Nobody found him, but occasionally, in the mirage shimmering just above the lake, or in the spooky travelling haze of the heat, or the fog in the mist, he can see the outline of a golden-hair angel swivelling in her throne in the sky, and occasionally, she appeared in a hole in the clouds, and he was almost blinded by the rays of sunlight shining off her immaculacy. Mostly, there was too much aura radiating from her being, so that he could not see her face clearly enough, though in time, she did not appear clearly at all, and had become just a vagueness, a slight tint of what she might have been, and in the end, a phenomenon, a weird shape formed and broken by winds travelling with fog, or mist, or a twist of how you might momentarily see the spiritus sanctus in a mirage while watching the same sky with Aboriginal Sovereignty, and considering the vision another fleeting spiritual visitation, something Tommyhawk should bring up in his conversation with the spiritual of the ancestral lake, which he claimed was not the same thing as having someone like Aboriginal Sovereignty suddenly turning up when he was not in the least thinking of having visitors.

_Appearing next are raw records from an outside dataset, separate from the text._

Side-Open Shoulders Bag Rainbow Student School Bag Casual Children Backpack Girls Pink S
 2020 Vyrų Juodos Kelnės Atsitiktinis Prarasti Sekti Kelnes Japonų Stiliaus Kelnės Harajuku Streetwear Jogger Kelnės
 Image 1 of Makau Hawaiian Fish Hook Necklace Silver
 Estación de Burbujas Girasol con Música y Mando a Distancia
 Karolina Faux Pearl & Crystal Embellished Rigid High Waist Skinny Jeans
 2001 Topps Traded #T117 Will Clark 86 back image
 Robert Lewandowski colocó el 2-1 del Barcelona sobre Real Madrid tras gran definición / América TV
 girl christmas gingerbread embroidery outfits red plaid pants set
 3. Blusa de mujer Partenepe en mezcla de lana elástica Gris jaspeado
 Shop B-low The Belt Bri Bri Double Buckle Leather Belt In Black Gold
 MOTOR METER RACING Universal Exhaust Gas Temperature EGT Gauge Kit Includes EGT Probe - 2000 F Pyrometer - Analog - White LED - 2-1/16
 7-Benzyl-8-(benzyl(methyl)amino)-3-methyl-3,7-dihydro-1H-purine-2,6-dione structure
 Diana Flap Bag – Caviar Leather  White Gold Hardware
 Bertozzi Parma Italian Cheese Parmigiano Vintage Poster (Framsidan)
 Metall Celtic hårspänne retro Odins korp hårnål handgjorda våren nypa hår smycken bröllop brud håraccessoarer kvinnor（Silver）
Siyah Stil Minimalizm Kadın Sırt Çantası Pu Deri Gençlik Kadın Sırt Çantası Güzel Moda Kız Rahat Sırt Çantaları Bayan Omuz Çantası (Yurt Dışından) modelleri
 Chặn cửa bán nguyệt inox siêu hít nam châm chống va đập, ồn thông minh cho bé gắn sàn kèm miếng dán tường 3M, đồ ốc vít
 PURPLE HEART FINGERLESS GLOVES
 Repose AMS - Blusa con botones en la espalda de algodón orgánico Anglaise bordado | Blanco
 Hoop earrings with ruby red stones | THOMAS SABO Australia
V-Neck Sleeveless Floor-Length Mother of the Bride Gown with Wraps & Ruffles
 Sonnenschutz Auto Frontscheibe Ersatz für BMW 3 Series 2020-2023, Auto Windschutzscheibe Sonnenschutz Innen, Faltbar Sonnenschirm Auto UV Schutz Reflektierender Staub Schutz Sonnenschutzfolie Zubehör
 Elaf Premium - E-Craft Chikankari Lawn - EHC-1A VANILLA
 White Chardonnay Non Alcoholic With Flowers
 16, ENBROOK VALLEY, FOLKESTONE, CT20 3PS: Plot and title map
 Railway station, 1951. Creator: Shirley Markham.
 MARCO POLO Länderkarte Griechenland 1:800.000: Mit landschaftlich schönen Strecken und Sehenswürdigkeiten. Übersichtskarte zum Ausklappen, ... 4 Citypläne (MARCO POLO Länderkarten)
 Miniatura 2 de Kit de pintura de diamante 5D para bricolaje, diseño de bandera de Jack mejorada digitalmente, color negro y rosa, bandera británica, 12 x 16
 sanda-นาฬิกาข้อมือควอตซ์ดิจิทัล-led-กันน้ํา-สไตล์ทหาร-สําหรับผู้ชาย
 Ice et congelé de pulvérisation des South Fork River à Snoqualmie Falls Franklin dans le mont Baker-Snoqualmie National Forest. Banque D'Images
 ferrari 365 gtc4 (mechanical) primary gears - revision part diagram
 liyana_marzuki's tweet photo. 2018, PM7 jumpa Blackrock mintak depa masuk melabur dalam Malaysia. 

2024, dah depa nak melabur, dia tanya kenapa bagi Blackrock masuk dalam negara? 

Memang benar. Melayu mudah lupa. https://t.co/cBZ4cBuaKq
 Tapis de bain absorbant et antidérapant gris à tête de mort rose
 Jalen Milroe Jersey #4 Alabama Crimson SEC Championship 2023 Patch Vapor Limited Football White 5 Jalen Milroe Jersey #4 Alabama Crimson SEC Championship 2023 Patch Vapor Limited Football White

As for himself, Tommyhawk was oblivious to the fact that the ancient lake thought he really looked to be at least thirty years old now, even though he thought he had only just arrived the other day, or maybe his looks were deceptive, and he was simply a vague outline of a shadow cast over the ground, and he really was a thousand years old like the empty lake, or like country where its infinity always was, and always will be. He could only read time from when it last rained, but these occasions happened so rarely, that such out of the ordinary memories become intertwined, interlocked, left him feeling confused, then were forgotten altogether. Sometimes, for a while, he might remember seeing a million water birds fly over the lake just metres above his head, and there was a time when a bird briefly landed. He remembered threats to his life over a very long time, from when the donkey chiefs tried to mesmerise him, out-staring him for hours, or days, while standing off in the distance, as though they were challenging him, and luring him to walk far into the interior of the dry lake where there was little hope of ever finding his way in any direction, and he would die. He did not think that the world was searching to find him, and if he thought for one moment of such a possibility in the darkness as he tried to sleep, his mind would become beset by the hell of swishing sounds of a swirling cyclone ripping land apart inside his head, which became a force so tremendous, the lake uprooted itself, and flew, scattering all the country for miles around—dirt, dead stubby grasses, saltbush, birds, insects, moths, rabbits and rats—and he would know this was how frantically country searched, when it went looking for something.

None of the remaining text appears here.